We got her to bed with difficulty. There was really no use whatever in sitting up, and who knew what need for strength the next day might bring? Then there were the other poor children to think of. So by midnight the house was all quiet as usual. I was thankful that the wind had fallen, for all through the evening there had been sounds of wailing and sobbing, such as stormy weather always brings at Treluan, enough to make you miserable if there was nothing the matter--the rain pattering against the window like cold tiny hands, tapping and praying to be let in.

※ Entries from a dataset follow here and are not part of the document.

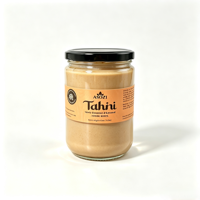 Étiquettes personnalisées en vinyle imperméables autocollantes pour emballages de tahini et de pâte de sésame en bocaux en verre avec formes personnalisées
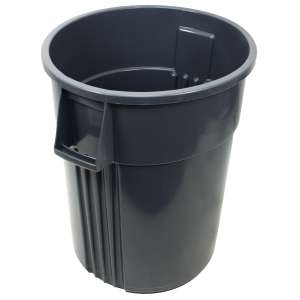 Impact, Gator Plus, 55 gal, Plastic, Gray, Round, Receptacle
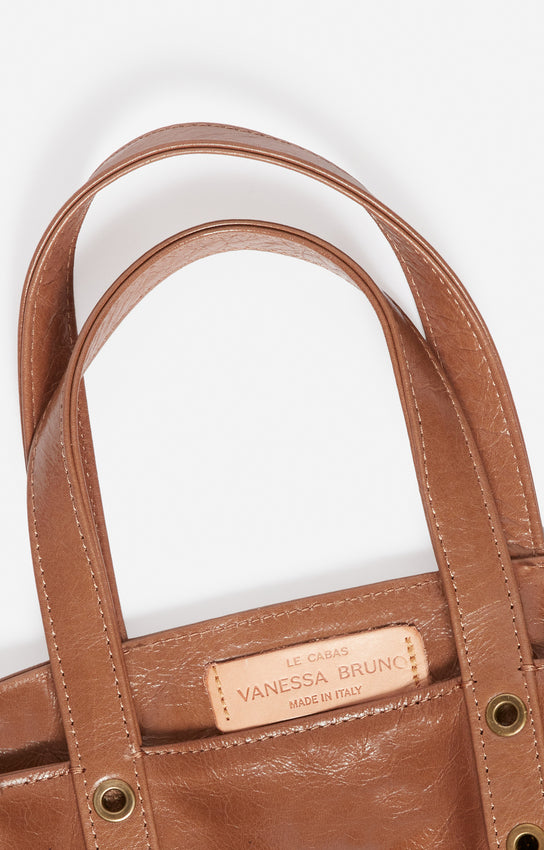LEATHER S CANDY BROWN CABAS TOTE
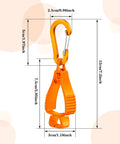 Orange Six Pack Glove Clips For Work Belt Loop And Pants with measurements for durable plastic clip and keyring.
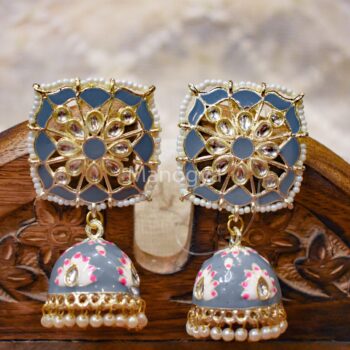 Advaya Meenakari Jhumki - Gray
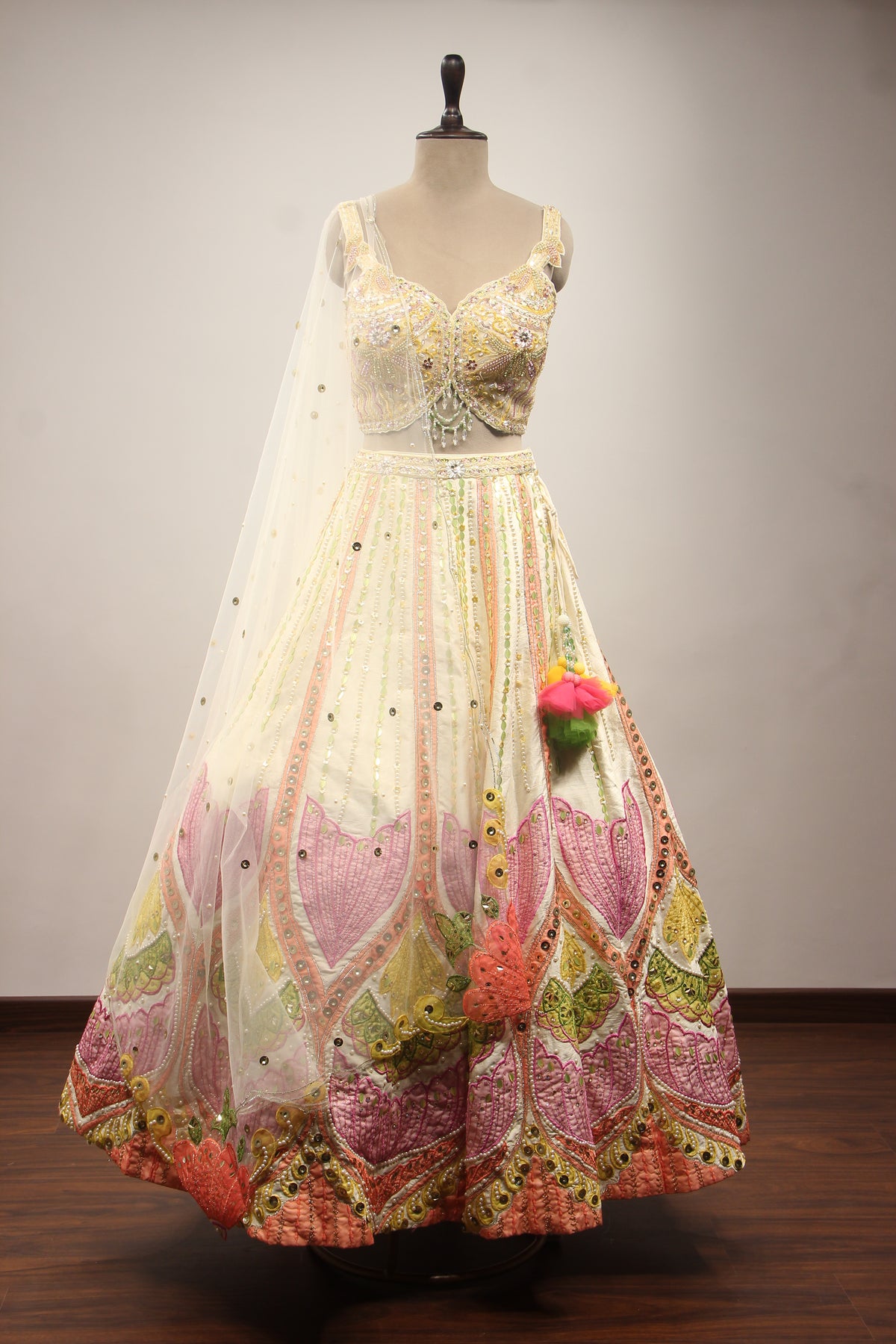 MULTI Dupion Crop Top with Bead and Cut Dana work by OOS — product image 1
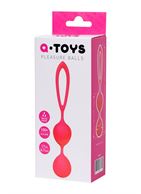 Ярко-розовые вагинальные шарики A-Toys с петелькой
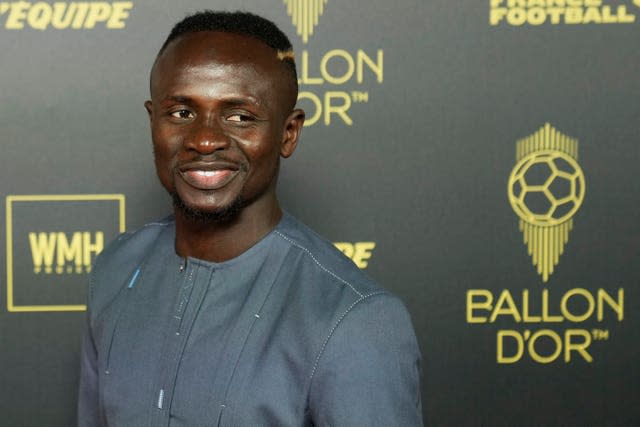 Bayern Munich forward Sadio Mane at the Ballon d’Or ceremony in Paris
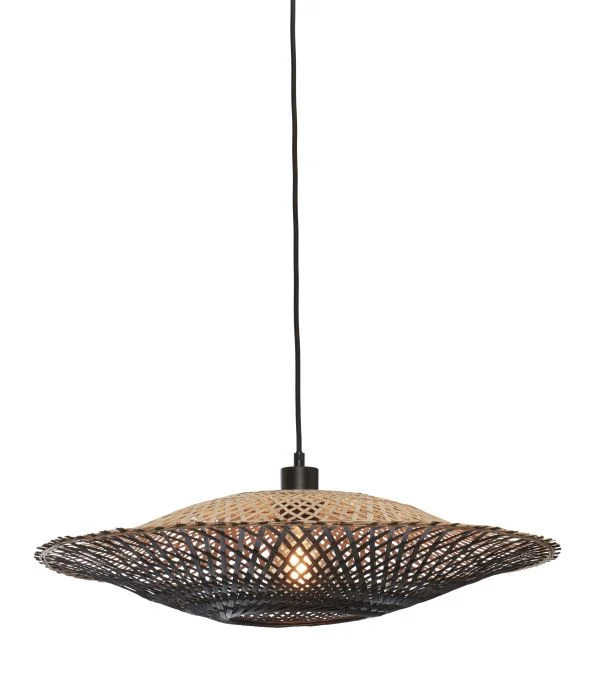 Good&Mojo Colgante De Luz Kalimantan Bambú Negro M| Apta para 1x E27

Sad as I was, and though I could scarcely have believed it of myself, I had scarcely laid my head down before I too, like the children, fell fast asleep. I was dreaming, a strange confused dream, which I never was able to remember clearly; but it was something about searching in the smugglers' caves for Master Francis, followed by an old man, who I somehow fancied was the miser baronet, Sir David. His hair was snow white, and there was a confusion in my mind of thinking it like Miss Lally's wool. Anyhow, I had got the idea of whiteness in my head, so that, when something woke me--afterwards I knew it was the sound of my own name--and I opened my eyes to see by the glimmer of the night-light what seemed at first a shining figure by my bed-side, I did not feel surprised. And the first words I said were 'white as wool.'
'No, no,' said Miss Lally, for it was she, in her little night-dress, her fair hair all tumbling over her shoulders, 'it isn't about my wool, nurse, please wake up quite. It's something so strange--such a queer noise. Please get up and come to my room to see what it is.'
Miss Lally's room was a tiny place at the side of the nursery nearest the tower, though not opening on to the tower stair.
I got up at once and crossed the day nursery with her, lighting a candle on the way. But when we got into her room all was perfectly silent.